Militant organization

United Baloch Army (UBA; ) is a militant group, fighting for the separation of Balochistan from Pakistan. The group was designated as a terrorist organization by the Pakistani and Swiss governments. The government of Pakistan banned the group on 15 March 2013.

The group is led by Mehran Marri and is created as a result of an inter-familial dispute between Mehran and his brother Hyrbyair Marri, the head of the Balochistan Liberation Army (BLA). BLA fighters accused Mehran of stealing $3 million from their funds and $800 million rupees worth of weapons from the BLA. The BLA and the Baloch Republican Army have both condemned UBA attacks as self-destructive. Both Baloch Liberation Army (BLA) and United Baloch Army (UBA) had also clashed with each other. The deadliest clash took place in Dera Bugti where 20 militants from both groups were killed.

On 29 May 2015, United Baloch Army (UBA) militants stormed two buses in Mastung district that were in transit from Pishin to Karachi. The militants emptied the buses and then shot and killed 22 ethnic Pashtuns.

United Baloch Army (UBA) also claimed responsibility for attack on the Jaffar Express in Sibi on 8 April 2014. The attack claimed the lives of 16 people and wounded 44 others.

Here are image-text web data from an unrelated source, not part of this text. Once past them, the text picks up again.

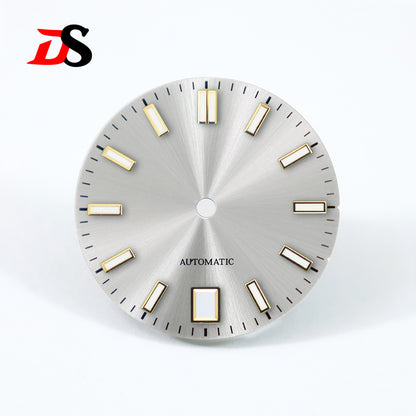 Sunburst Blue Lume Dial 6 O'clock NH35 28.5mm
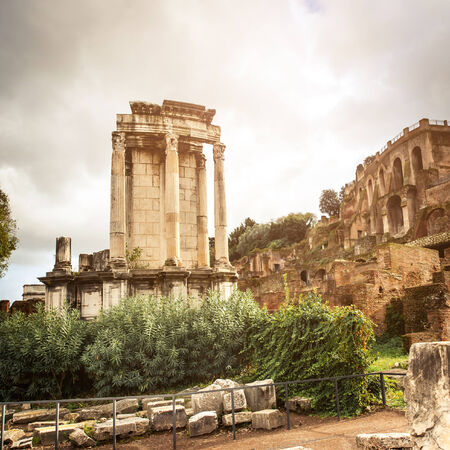 Roman Forum in Rome, Italyの写真素材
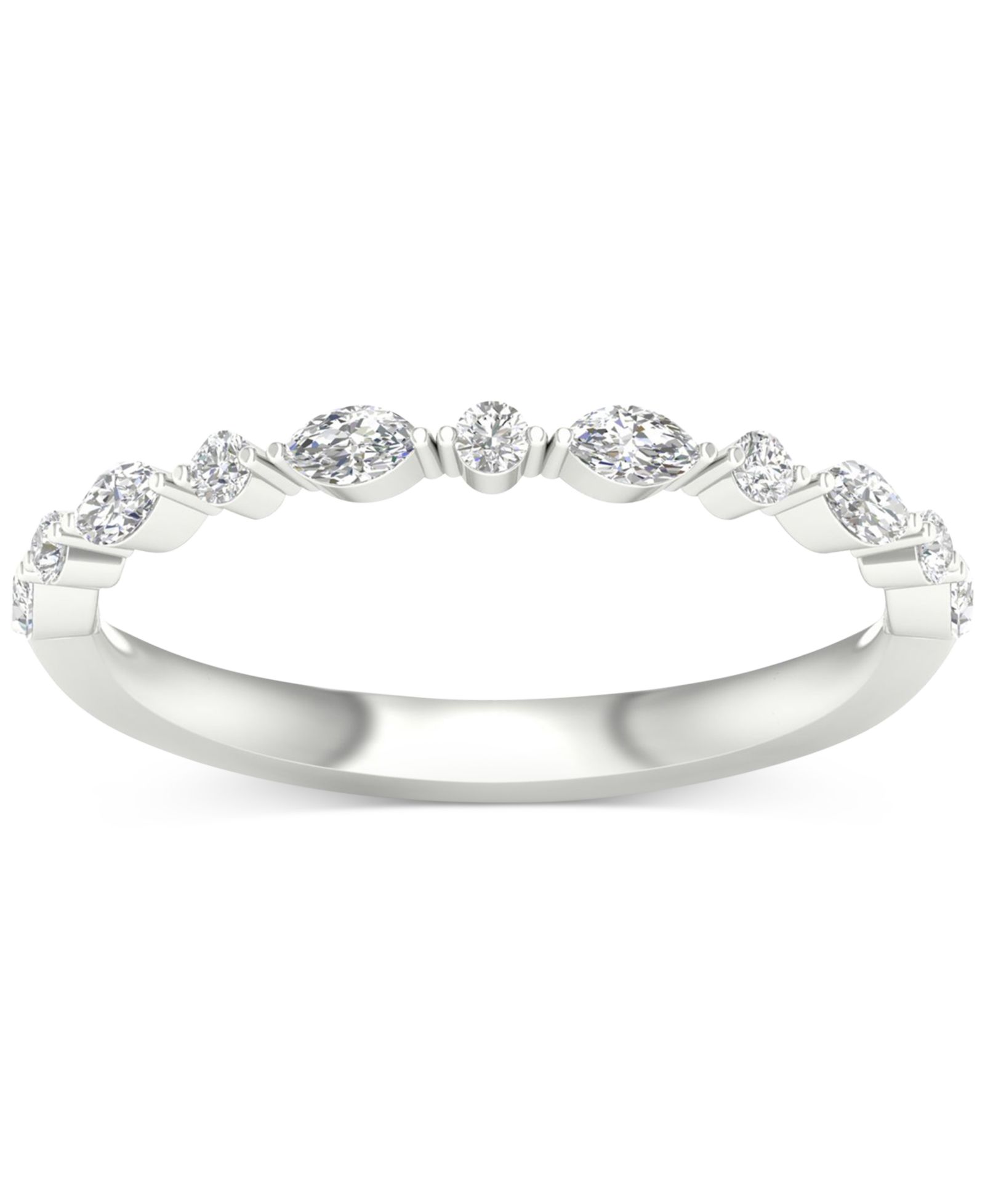 Diamond Anniversary Band (1/4 ct. t.w.) in 14k White Gold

On 16 November 2017, Mehran Marri was arrested at Zurich Airport by Swiss immigration authorities. Mehran Marri was placed under a lifetime ban from entry into Switzerland. Swiss authorities issued a chargesheet in which they stated that Mehran Marri is the head of United Baloch Army (UBA). The chargesheet further stated that "if Marri was to enter Switzerland and work with Brahamdagh Bugti to coordinate terrorist operations, it could jeopardize the internal security of the country".

In october 2021, the militant group split into two factions, one led by Sarfraz Bangulzai and the other by Mehran Marri.

In January 2022, the Gulzar Iman group of Baloch Republican Army merged with the Sarfraz Bangulzai faction of UBA, to form the Baloch Nationalist Army (BNA). BRA and UBA also announced their dissolution following the establishment of Baloch Nationalist Army.

In May 2025, Mazar Baloch, spokesman of Mehran Marri faction of UBA claimed responsibility for burning a mobile tower machinery in Surab.

In August 2026, Mehran Marri faction of UBA claimed responsibility for several attacks against bridges and pakistani soldiers.